The Senior PGA Championship this weekend in St. Louis is the year’s first major for the golfers in the 50-and-over age group. All former PGA Championship winners who are healthy and eligible are in the field. Except for Vijay Singh, who has been swirled in controversy this year. Singh has been reinstated from a PGA Tour suspension over the use of deer antler spray, which was once on the World Anti-Doping Agency’s list of banned substances. It has since been removed from the list, but Singh filed a lawsuit earlier this month against the PGA Tour over allegations of “public humiliation and ridicule.”
He won his last major at the 2004 PGA Championship. After that win he declared, “This is a living for me. This is my livelihood. When I came out here, I just wanted to make a good living. Then I started playing really well and my motivation got stronger and stronger. I wanted to win golf tournaments and then I wanted to win majors. Now I just want to go out there and win.”
Since his Rookie of the Year season on the PGA Tour in 1993, Singh has accumulated more than $67 million, the third best all time on the tour’s career earnings list. But lately Singh has commanded more attention for his decisions off the course than for his birdies and bogeys.Rather than join his 50-and-over peers at this week’s Senior PGA Championship in St. Louis, Singh chose to play the invitational at the Colonial Country Club in Fort Worth, Texas, an unusual move for a former PGA championship winner. Bob Tway, who won the PGA Championship in 1986, says Singh has earned the right to remain on the regular tour. But on the subject of Singh suing the PGA Tour, Tway questions the move.
“My feeling on it is that he maybe did something that was kind of something he wasn’t supposed to do,” Tway said “They got him out of it or whatever. I think I’d just leave well-enough alone.”
John Garrity, a golf writer who profiled Vijay Singh for Sports llustrated in 1996, was reporting from the Colonial this week. He says Singh’s choice of playing at the Colonial instead of the Senior PGA Championship stirs up memories of ten years ago when Annika Sorenstam came off the LPGA Tour to play with the men.
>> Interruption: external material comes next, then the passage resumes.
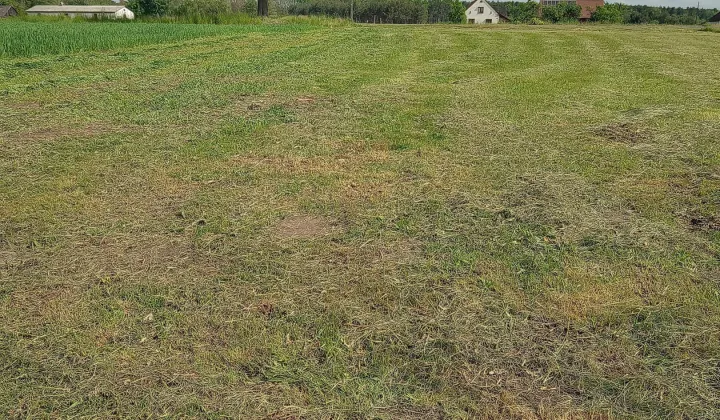 Działka budowlana Popielów Kabachy, ul. Brzeska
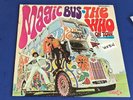 THE WHO - MAGIC BUS LP.  MONO WHITE LABEL PROMO  RECORD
“Vijay ties into that because he made some ungallant comments that week to the effect that he didn’t think that women should be playing in men’s tournaments. He got a lot of heat and publicity because of that,” Garrity said.
PR isn’t one of Singh’s strengths. He could have made a big splash in his first senior event by playing at the Bellerive Country Club, the same course where he played his first U.S. major in 1992. But Singh doesn’t lack supporters. Fellow golfer Brad Faxon favors Singh’s decision to bypass the year’s first senior major
“I totally respect these guys who, like Vijay, can compete on a daily basis on the PGA Tour. I don’t think he has an obligation to come out here,” Faxon said. “But at the same time this is one of our big tournaments. I’m not looking at Vijay thinking he’s doing the wrong thing. I think it’s cool.”
All the details of Singh’s lawsuit haven’t yet been made public. In the meantime, Garrity says he wonders if Singh’s claims that the PGA Tour sullied his reputation might backfire on him.
“The biggest problem with that argument is the fact that there were some blots on Vijay’s reputation long before the deer antler spray controversy came up. It’s a puzzle to most of us in the golf business that Vijay would make a case out of this because it just draws attention to his earlier problems,” Garrity said.
Victories for Singh are scarce now. He hasn’t finished any better than 20th this season. Perhaps competing against his peers in the 50-and-over set sooner rather than later will give him, to use a golf term, a mulligan. A chance for a fresh start.